- [Action item] Give back exactly the lines of the entries below from the line with "Funny Bunny Cartwheel" to the line with "Badmat Microvezel - Douchemat", inclusive, and only those.

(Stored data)
-*-

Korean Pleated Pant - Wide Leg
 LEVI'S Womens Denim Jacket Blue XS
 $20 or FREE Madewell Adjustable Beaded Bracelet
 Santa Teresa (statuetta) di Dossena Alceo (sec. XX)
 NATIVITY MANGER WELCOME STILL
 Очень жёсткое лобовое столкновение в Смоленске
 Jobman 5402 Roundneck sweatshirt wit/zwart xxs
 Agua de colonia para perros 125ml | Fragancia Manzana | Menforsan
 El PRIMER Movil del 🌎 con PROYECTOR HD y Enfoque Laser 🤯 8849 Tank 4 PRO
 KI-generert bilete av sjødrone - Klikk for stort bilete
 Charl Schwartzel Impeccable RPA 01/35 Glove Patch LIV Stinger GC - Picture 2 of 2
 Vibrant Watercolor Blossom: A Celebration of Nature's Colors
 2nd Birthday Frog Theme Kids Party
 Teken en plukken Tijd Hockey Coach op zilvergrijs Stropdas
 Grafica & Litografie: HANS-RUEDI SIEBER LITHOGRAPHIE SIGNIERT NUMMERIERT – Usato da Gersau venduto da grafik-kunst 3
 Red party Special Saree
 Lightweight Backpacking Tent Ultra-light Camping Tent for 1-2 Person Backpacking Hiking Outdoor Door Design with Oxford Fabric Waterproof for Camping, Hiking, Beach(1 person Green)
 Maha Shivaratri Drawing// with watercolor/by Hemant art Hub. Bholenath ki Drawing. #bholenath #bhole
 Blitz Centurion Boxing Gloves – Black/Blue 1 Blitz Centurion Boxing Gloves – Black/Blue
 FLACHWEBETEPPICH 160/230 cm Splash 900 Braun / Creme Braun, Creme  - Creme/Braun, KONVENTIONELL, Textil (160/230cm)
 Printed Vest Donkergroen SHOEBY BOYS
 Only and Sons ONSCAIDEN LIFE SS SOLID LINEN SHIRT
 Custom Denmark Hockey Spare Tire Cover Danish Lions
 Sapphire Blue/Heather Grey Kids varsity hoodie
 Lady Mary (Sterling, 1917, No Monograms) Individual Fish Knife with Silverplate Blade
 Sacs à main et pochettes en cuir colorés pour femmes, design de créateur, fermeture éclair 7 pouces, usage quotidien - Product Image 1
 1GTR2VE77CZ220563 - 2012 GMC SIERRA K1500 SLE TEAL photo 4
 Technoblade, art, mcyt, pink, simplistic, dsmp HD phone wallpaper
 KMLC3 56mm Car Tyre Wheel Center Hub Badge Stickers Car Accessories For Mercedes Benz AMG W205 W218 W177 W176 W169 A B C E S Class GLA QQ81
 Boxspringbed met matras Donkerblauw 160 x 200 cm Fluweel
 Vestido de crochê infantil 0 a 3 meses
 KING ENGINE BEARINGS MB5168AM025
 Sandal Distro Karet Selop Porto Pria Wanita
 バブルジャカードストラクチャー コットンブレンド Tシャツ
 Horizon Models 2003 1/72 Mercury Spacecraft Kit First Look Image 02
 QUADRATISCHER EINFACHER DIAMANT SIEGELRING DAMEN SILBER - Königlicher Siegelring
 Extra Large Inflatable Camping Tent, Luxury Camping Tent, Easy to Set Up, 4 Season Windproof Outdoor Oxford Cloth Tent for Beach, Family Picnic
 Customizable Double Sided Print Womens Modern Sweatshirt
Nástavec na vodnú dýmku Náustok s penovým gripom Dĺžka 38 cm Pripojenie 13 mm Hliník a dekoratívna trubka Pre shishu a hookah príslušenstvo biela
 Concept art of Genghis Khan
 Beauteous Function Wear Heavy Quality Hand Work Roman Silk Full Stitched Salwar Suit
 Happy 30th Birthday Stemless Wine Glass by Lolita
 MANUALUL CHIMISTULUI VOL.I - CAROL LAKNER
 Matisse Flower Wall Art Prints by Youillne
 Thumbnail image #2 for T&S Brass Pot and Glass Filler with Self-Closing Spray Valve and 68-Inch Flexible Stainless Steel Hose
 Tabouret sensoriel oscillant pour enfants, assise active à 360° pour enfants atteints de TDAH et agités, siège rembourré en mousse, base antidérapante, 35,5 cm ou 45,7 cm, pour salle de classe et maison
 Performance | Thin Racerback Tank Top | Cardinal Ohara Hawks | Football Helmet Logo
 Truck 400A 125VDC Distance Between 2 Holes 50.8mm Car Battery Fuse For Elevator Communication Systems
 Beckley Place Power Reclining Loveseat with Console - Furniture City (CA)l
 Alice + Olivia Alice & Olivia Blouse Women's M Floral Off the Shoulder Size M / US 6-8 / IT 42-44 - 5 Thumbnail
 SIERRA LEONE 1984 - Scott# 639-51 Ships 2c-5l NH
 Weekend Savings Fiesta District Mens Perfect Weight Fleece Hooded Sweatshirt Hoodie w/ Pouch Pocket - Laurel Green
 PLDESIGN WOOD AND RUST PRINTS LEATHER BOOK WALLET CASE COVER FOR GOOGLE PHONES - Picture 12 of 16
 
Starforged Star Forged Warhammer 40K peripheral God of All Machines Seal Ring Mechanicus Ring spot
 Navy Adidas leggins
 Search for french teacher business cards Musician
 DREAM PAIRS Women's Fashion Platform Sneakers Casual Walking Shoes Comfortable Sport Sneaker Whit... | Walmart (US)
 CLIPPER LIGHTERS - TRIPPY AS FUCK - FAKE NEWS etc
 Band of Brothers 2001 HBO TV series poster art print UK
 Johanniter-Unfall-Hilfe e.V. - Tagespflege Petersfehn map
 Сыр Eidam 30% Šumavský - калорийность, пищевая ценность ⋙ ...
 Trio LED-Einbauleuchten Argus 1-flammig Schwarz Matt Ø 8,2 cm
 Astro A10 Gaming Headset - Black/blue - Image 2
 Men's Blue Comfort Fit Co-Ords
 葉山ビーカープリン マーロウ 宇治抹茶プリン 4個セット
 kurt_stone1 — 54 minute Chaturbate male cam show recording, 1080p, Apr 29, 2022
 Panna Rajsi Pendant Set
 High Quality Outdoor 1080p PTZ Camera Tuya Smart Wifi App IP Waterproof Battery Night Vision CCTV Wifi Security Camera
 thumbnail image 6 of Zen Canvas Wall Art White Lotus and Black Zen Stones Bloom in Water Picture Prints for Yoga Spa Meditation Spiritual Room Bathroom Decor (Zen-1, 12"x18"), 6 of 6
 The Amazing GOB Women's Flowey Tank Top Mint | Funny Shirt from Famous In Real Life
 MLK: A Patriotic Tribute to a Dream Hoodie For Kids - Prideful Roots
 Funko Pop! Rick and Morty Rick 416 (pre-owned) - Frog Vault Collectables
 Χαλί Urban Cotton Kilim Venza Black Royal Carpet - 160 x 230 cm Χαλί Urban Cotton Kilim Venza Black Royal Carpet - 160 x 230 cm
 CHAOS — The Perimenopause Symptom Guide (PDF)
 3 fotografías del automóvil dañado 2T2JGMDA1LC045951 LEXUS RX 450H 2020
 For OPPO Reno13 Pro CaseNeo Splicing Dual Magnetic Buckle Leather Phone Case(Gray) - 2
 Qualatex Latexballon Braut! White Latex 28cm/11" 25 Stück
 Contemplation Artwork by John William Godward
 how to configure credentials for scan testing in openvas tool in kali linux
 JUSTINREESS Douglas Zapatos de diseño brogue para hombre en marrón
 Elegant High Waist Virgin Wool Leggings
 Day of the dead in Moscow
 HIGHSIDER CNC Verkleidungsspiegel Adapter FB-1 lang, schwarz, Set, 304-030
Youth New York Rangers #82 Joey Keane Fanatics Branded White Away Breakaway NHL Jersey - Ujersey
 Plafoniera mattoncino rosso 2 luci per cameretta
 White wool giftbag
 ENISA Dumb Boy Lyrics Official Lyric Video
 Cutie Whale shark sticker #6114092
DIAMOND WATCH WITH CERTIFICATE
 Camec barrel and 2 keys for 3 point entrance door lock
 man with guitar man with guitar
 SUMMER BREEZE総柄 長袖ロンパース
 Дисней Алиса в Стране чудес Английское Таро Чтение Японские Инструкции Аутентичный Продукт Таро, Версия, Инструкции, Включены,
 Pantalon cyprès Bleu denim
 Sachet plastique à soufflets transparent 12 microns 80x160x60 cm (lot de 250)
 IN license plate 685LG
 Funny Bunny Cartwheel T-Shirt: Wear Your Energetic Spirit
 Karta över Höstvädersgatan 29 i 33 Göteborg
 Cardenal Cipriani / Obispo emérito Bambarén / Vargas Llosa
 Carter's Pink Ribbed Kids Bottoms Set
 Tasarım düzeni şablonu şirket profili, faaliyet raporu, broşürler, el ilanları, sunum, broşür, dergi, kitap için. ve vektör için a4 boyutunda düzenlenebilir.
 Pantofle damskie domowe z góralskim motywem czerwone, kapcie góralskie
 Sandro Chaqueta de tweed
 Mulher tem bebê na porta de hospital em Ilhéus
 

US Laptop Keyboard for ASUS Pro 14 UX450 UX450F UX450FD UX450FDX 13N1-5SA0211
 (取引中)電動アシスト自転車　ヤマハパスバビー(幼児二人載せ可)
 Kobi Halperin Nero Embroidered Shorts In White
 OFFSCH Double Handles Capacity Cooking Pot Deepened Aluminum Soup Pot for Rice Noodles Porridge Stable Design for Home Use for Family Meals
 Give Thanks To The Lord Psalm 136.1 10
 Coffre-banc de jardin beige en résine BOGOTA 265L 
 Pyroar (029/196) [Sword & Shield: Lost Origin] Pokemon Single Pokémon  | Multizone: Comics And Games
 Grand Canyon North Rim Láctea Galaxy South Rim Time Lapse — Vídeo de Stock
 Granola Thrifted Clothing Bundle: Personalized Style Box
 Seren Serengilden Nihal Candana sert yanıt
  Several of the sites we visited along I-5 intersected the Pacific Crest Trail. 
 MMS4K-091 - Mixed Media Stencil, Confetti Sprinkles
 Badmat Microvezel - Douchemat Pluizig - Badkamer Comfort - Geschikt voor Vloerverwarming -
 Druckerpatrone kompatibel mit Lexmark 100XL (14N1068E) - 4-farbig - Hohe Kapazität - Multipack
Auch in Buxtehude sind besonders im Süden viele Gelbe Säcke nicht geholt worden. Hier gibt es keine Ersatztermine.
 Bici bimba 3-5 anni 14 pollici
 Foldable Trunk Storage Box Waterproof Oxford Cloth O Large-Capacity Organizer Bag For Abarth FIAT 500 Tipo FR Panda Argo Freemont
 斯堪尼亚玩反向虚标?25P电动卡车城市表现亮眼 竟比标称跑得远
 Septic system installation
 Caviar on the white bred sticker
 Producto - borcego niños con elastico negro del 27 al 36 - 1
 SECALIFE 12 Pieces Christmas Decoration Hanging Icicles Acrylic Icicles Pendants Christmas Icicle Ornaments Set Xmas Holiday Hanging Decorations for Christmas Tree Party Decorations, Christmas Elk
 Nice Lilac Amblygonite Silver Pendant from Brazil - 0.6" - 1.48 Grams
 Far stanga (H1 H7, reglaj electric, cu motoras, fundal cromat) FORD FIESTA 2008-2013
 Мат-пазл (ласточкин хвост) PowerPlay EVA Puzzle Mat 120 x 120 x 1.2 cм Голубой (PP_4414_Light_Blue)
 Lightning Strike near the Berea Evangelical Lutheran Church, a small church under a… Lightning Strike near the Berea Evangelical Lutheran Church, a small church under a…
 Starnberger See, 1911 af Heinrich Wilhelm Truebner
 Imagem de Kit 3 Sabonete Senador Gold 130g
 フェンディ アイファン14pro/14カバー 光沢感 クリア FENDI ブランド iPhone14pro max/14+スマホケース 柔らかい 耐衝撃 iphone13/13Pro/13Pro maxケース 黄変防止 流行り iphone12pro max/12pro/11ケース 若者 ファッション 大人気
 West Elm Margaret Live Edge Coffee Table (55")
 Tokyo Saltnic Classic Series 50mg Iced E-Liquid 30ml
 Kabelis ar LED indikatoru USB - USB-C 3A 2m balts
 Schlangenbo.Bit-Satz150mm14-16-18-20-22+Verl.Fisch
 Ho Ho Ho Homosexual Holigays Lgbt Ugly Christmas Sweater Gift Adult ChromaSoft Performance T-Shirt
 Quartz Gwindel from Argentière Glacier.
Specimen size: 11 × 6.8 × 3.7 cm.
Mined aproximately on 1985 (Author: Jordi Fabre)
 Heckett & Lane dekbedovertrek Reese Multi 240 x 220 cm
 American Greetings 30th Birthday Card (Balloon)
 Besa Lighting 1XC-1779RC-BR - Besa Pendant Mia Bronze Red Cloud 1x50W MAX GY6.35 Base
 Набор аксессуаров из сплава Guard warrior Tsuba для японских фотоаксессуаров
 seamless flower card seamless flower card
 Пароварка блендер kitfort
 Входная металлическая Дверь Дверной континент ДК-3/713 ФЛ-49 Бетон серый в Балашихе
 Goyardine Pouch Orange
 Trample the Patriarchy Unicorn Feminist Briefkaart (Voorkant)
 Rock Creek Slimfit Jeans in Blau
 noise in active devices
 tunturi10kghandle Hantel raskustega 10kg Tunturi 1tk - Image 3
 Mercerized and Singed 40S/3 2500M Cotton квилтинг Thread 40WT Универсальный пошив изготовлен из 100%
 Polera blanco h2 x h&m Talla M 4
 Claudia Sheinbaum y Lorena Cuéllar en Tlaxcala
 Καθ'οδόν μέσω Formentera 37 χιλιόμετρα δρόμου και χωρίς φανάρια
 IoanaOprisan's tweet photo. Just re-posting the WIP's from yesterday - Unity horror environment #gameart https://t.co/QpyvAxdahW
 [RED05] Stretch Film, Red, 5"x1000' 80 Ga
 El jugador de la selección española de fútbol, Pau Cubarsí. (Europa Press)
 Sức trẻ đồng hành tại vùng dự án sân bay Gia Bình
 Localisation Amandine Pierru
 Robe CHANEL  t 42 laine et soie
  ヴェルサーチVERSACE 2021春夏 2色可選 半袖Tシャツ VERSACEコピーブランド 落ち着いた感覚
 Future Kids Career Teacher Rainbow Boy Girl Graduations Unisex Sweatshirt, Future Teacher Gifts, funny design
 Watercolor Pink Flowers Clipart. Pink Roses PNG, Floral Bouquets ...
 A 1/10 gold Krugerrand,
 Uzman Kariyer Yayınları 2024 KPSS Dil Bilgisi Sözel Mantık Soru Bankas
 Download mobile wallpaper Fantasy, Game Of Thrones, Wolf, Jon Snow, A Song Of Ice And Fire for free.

-*-

- [Reply to the exercise]
 Funny Bunny Cartwheel T-Shirt: Wear Your Energetic Spirit
 Karta över Höstvädersgatan 29 i 33 Göteborg
 Cardenal Cipriani / Obispo emérito Bambarén / Vargas Llosa
 Carter's Pink Ribbed Kids Bottoms Set
 Tasarım düzeni şablonu şirket profili, faaliyet raporu, broşürler, el ilanları, sunum, broşür, dergi, kitap için. ve vektör için a4 boyutunda düzenlenebilir.
 Pantofle damskie domowe z góralskim motywem czerwone, kapcie góralskie
 Sandro Chaqueta de tweed
 Mulher tem bebê na porta de hospital em Ilhéus
 

US Laptop Keyboard for ASUS Pro 14 UX450 UX450F UX450FD UX450FDX 13N1-5SA0211
 (取引中)電動アシスト自転車　ヤマハパスバビー(幼児二人載せ可)
 Kobi Halperin Nero Embroidered Shorts In White
 OFFSCH Double Handles Capacity Cooking Pot Deepened Aluminum Soup Pot for Rice Noodles Porridge Stable Design for Home Use for Family Meals
 Give Thanks To The Lord Psalm 136.1 10
 Coffre-banc de jardin beige en résine BOGOTA 265L 
 Pyroar (029/196) [Sword & Shield: Lost Origin] Pokemon Single Pokémon  | Multizone: Comics And Games
 Grand Canyon North Rim Láctea Galaxy South Rim Time Lapse — Vídeo de Stock
 Granola Thrifted Clothing Bundle: Personalized Style Box
 Seren Serengilden Nihal Candana sert yanıt
  Several of the sites we visited along I-5 intersected the Pacific Crest Trail. 
 MMS4K-091 - Mixed Media Stencil, Confetti Sprinkles
 Badmat Microvezel - Douchemat Pluizig - Badkamer Comfort - Geschikt voor Vloerverwarming -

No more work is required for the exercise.